Problem: Exactly the lines below, starting with the one containing "2字开头江畔人家一室一厅西边户满五年可过户做贷款" and going on through the one containing "Authentic Mimco white", must be reproduced, both ends included, and no pictures with them.

Records for this exercise:

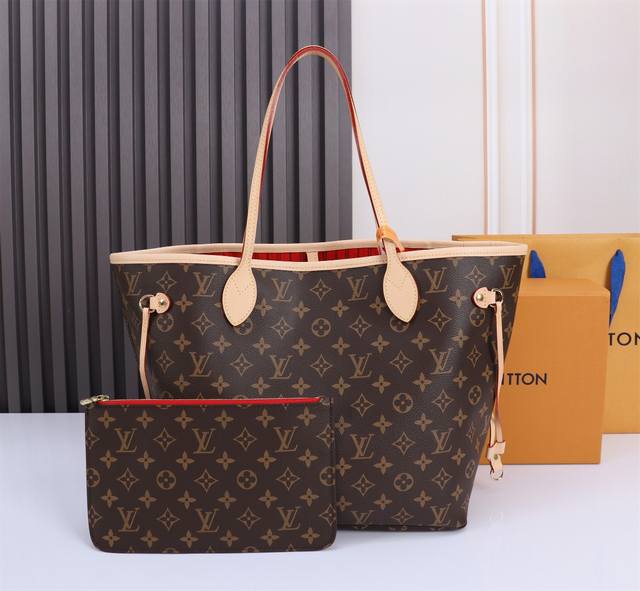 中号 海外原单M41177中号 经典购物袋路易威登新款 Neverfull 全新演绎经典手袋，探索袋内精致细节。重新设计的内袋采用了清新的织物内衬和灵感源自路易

==

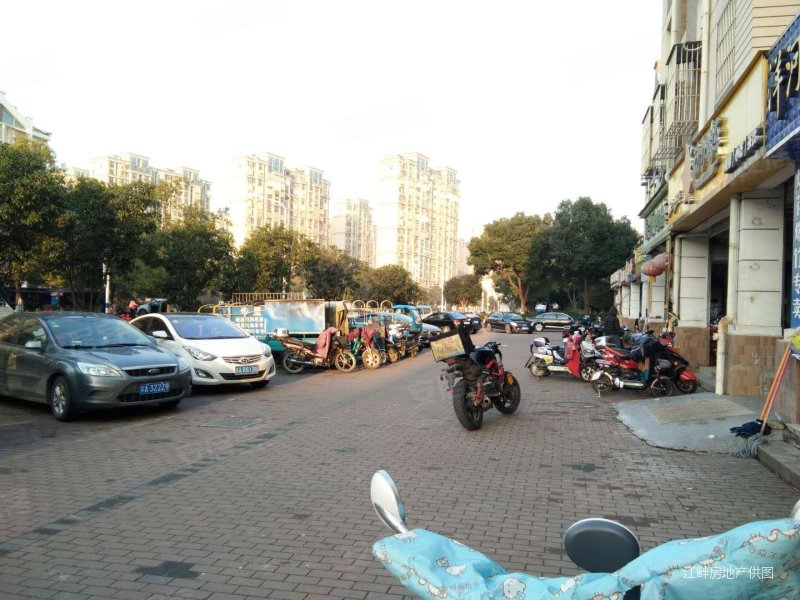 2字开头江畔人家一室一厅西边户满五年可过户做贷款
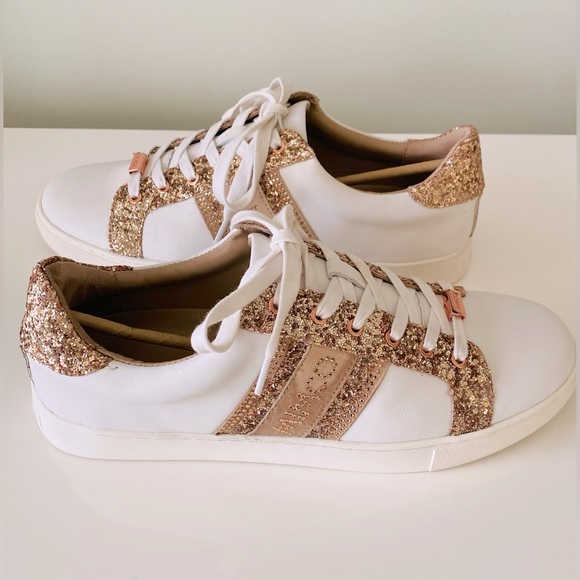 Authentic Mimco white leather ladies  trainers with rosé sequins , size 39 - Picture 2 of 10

Solved exercise:
 2字开头江畔人家一室一厅西边户满五年可过户做贷款
 Authentic Mimco white leather ladies  trainers with rosé sequins , size 39 - Picture 2 of 10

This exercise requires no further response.